概要・報告 橋爪 祐子(すばる中央薬局)

9月24日(火)に開催された上記研修会の内容について簡単にご報告いたします。


初めに、水海道保険所の武井敬司様より、このテーマについて以下のようなお話がありました。

  1. 「薬局・薬剤師のための調剤事故防止マニュアル」の内容に添って、調剤過誤の原因を理解・把握し、その原因を取り除くための対策を具体的に講じる必要があること。
  2. 調剤事故防止対策として、調剤室の環境を整備し、調剤過誤を誘発する要因を極力排除する工夫をすること。
  3. 調剤業務の流れを見直して一人ひとりの薬剤師が調剤事故防止に日々心がけること。
  4. 処方監査を徹底すること。
  5. 疑義照会を徹底して、必ず疑義が解消した上で調剤すること。
  6. 処方監査や疑義照会の内容を再検討しながら、調剤監査を行なうこと。
    (薬だけでなく、薬袋やお薬情報の内容の確認も忘れない)

このようなことを徹底して行なうことにより調剤過誤を防ぐ努力をしていただきたい−とのこと。

 また、最近話題になっている中国産ダイエット食品による健康被害についてのお話もありました。
具体的に、「御芝堂減肥こう嚢」や「せん之素こう嚢」などの健康被害の事例と、その他に未承認医薬品を含む健康食品の名前を上げて注意をされました。
 一般の薬局で販売されている物はないようですが、患者さんからご相談を受けた時にきちんと対応していただくために、「ぜひチェックしておいていただきたい。」とのことでした。


 次に、去る、7月28日に開催された「調剤事故防止全国担当者会議」の内容を、薬剤師の末端にまでしっかり伝えることを目的として、私の方から以下のような話をしました。

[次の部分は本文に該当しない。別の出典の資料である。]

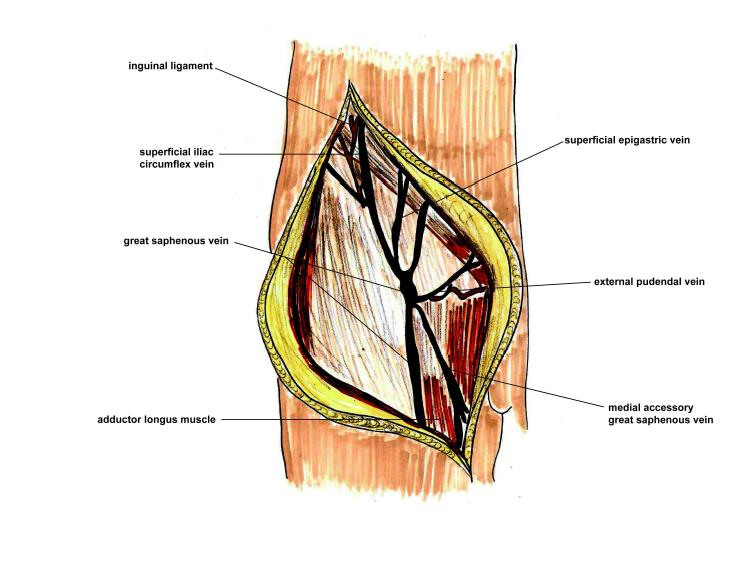 Schematic drawings of epifascial veins including superficial epigastric vein, external pudendal vein, medial accessory great saphenous vein, superficial iliac circumflex vein and great saphenous vein of the inguinal region.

本年、4月から7月の間に、薬剤師会に報告された調剤事故は16件ありました。 その事故について具体的に検証しながら、このような事故が繰り返されていることは、薬剤師の職能や医薬分業の根幹にかかわる重大な事態と捕らえなければならず、薬剤師という専門職としての信頼を回復するためにも調剤事故「ゼロ」にむけて具体的に行動を起こしていこうという方向で話をしました。
今回の内容は、
1. 調剤事故の現状
2. 調剤事故防止対策
3. 散剤調剤の留意点
という3つのテーマにそってまとめられており、

「1.調剤事故の現状」では、先に上げた16例の調剤事故を具体的に報告し、厚生労働省の行政指導にもあったように、疑義照会を徹底して行なうようにしなければいけないということを確認しました。 これからは処方箋どおりに調剤して事故が起きた場合でも、医師だけでなく薬剤師も法的に罰せられるということを肝に銘じて調剤事故の根絶に向けてすべての薬剤師が努力しなければならないということだと思います。

「2.調剤事故防止対策」では、調剤事故を防ぐ4つのポイントにそって事故防止対策について確認しました。 4つのポイントというのは、
@重大な健康被害を招く医薬品は区別すること。
A取り間違えを防ぐポイントは誤りやすい名称を知っておくこと。
B薬袋や薬剤情報提供文書等についても確認を怠らないこと。
C最終的なチェックは、必ず患者とともに行なうこと。

「3.散剤調剤の留意点」では、調剤事故の原因となった薬剤の約48%が散剤であったということから、今回散剤について重点的に調剤ミスを防ぐための留意点の確認をしました。
@類似名称の注意
A倍散のあるものの確認
B製剤量表示か成分量表示かの判断・確認
C常用量のチェック
D天秤のチェック
E装置瓶を取る時、量る時、戻す時の3回確認
F秤量漏れ、二重秤量を防止
G散剤計算メモの作成
H均一に混和する
I調剤監査の実施
J装置瓶への薬剤充填
以上の内容について順に話しました。

最後に、「調剤事故ゼロをめざして」ということで、インシデントの収集と評価が重要であること、調剤業務を標準化してミスの起きやすい環境を改善すること、処方監査を徹底して不明な点は必ず疑義照会を行なうこと、処方監査を再検討しながら調剤監査を行なうことを再度確認してまとめとしました。
さらに、万一事故が起きてしまった時に、事故にあってしまった患者さんにきちんとした賠償ができるように「薬剤師賠償責任保険制度」に加入していただくことをお願いしました。

参加された皆様には、この研修会の内容を一人でも多くの薬剤師、また薬剤師以外の薬局の職員の方に伝えていただけることを期待します。